Por
  • Horacio D. C. Altieri

Vidas apantalladas

Ordenador, internet, internauta
'Vidas apantalladas'.
HA

Confinar, de ‘con-finis’, se refiere al límite común de un terreno, es decir, se refiere a la vecindad. Confinamiento significa marcar una línea que separa pero que, por eso mismo, también une. La línea señala la distancia social, el encierro, lo privado, o sea, lo que se priva, lo que despoja de los otros. El confinamiento de estos días nos privatiza de estar corporalmente con otros. Del trabajo y el estudio en espacios comunes, de los bares de la noche y las terrazas de primavera, de los besos y los abrazos. Sin embargo, a la mayoría no nos ha llevado al aislamiento (convertirnos en islas) porque teníamos otro modo de encontrarnos: redes sociales digitales, ‘streaming’, teletrabajo, educación ‘online’.

La pandemia está demarcando de manera profiláctica el espacio de las interacciones corporales y el espacio de las interacciones apantalladas, es decir, relaciones protegidas por las pantallas (de móviles, tablets, ordenadores y televisores). Las pantallas se han revelado como un modo saludable de interacción para el trabajo, la educación, el entretenimiento y la comunicación. Estamos siendo obligados a dejar bien clara la línea que separa y segrega los nuevos espacios digitales. Cuando la tormenta pase y se retiren las aguas del diluvio quedará una sociedad fuertemente mediatizada en la que los agentes económicos apostarán de manera definitiva por el trabajo y la educación ‘tele’ (a distancia), ‘móvil’ (deslocalizado), ‘online’ (mediante redes), ‘digital’ (con lenguaje ‘software’).

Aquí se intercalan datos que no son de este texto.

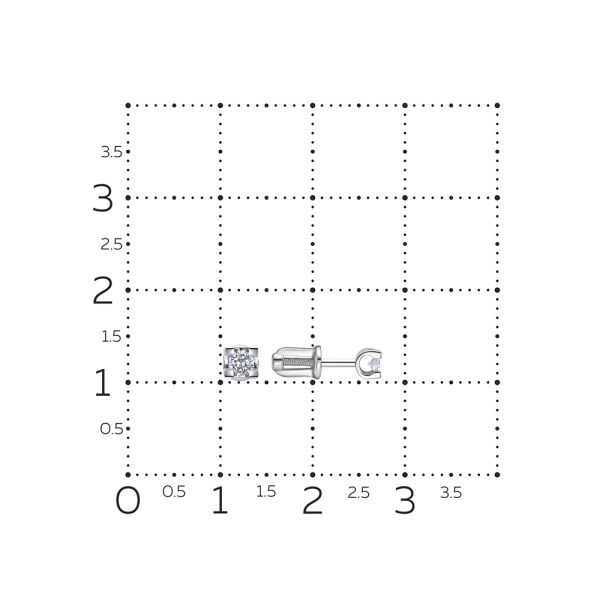 Серьги-пусеты с бриллиантами 0.16 карат из белого золота 146465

La demarcación de los nuevos límites entre la interacción corporal y la apantallada tiene, entre sus puntos débiles, uno tecno-económico muy potente: la energía eléctrica y la capacidad de los cables y canales de las redes. Y la batalla por ello se puede beneficiar de uno de los aprendizajes políticos más importante de estos días: el papel de un Estado fuerte. La crisis pandémica está demostrando que un Estado fuerte y responsable de sus ciudadanos es mucho más eficiente que la mano invisible privatizadora y neoliberal.

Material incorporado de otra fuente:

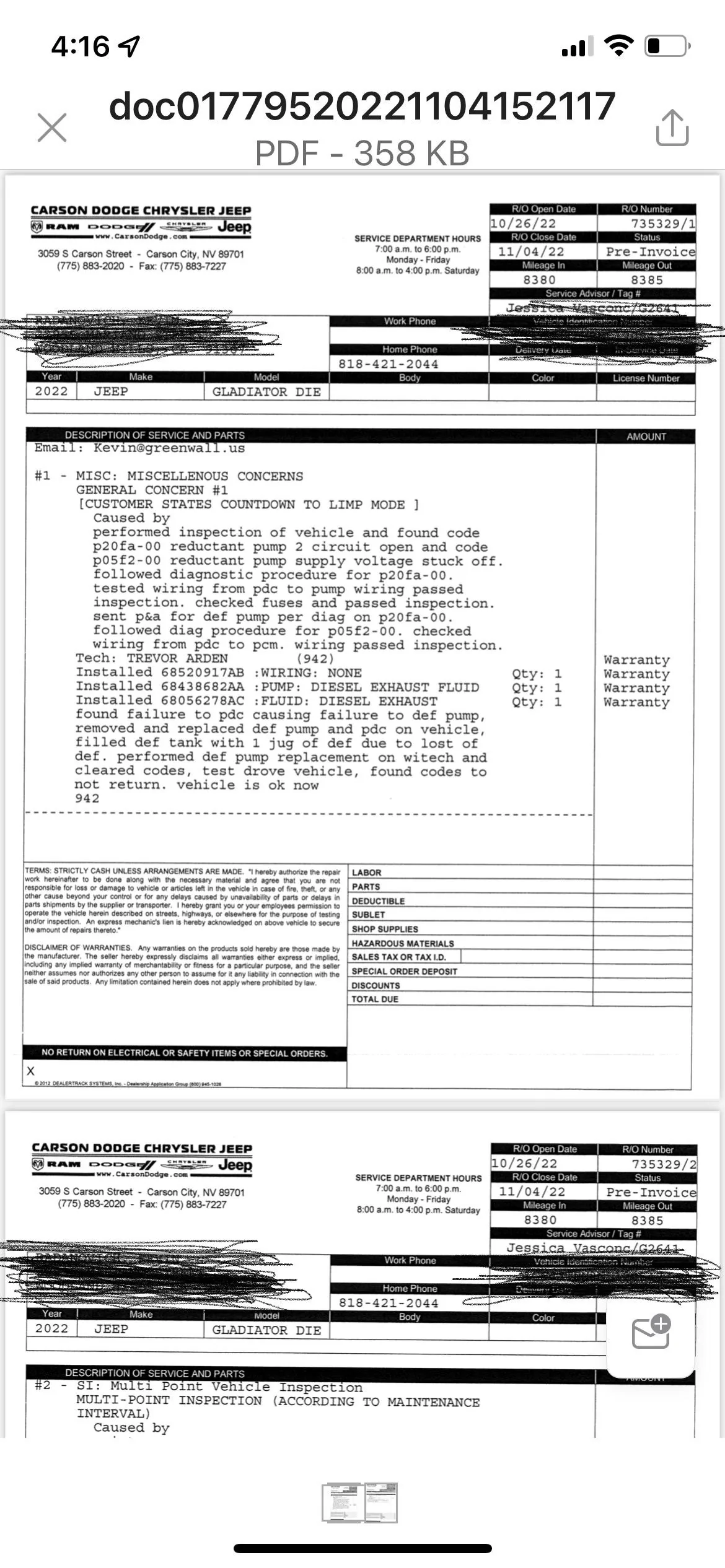 Jeep Gladiator So getting jeep back from dealer after DEF replace 0C20F66F-1580-42EF-9C6D-F9D5E13C5986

La administración de nuestra Casa Común, la Tierra, está en un punto crítico y estos días estamos descubriendo, como también lo vimos en las intervenciones del Estado en la crisis del 2008, que no basta con encerrarnos en nuestras casitas familiares y que las manoplas egoístas y cortoplacistas de la economía actúen libremente. La energía y los alimentos, por ejemplo, se manifiestan como problemas para ser resueltos por todos teniendo en cuenta el bien común y el largo plazo, en la búsqueda de una ética del cuidado del otro.

Como toda nueva demarcación queda un afuera: los ancianos, los pobres, los enfermos. La situación más simbólica y desesperante son los miles de ancianos que estos

días mueren en soledad. Ellos sí, aislados. Solos. Sin una mano que les dé el último apretón cariñoso para acompañarlos en su despedida. Las pantallas no llegan, no llegaron a cubrirlos.

Confinar también se relaciona con ‘afinidad’, el afín, el que comparte límites, sentimientos, pareceres. La pantalla tiene un riesgo muy peligroso: la falta de empatía. Que se nos caiga una lágrima por los niños que mueren de hambre o por los inmigrantes muertos en el Mediterráneo no significa hacer algo por ellos. La empatía pertenece al orden de la corporalidad y será un desafío poder desarrollarla en el nuevo mundo mediatizado que se inaugura de manera definitiva con esta pandemia. Se transformará la convivencia, la existencia con otros, y estaremos viviendo a través de las pantallas.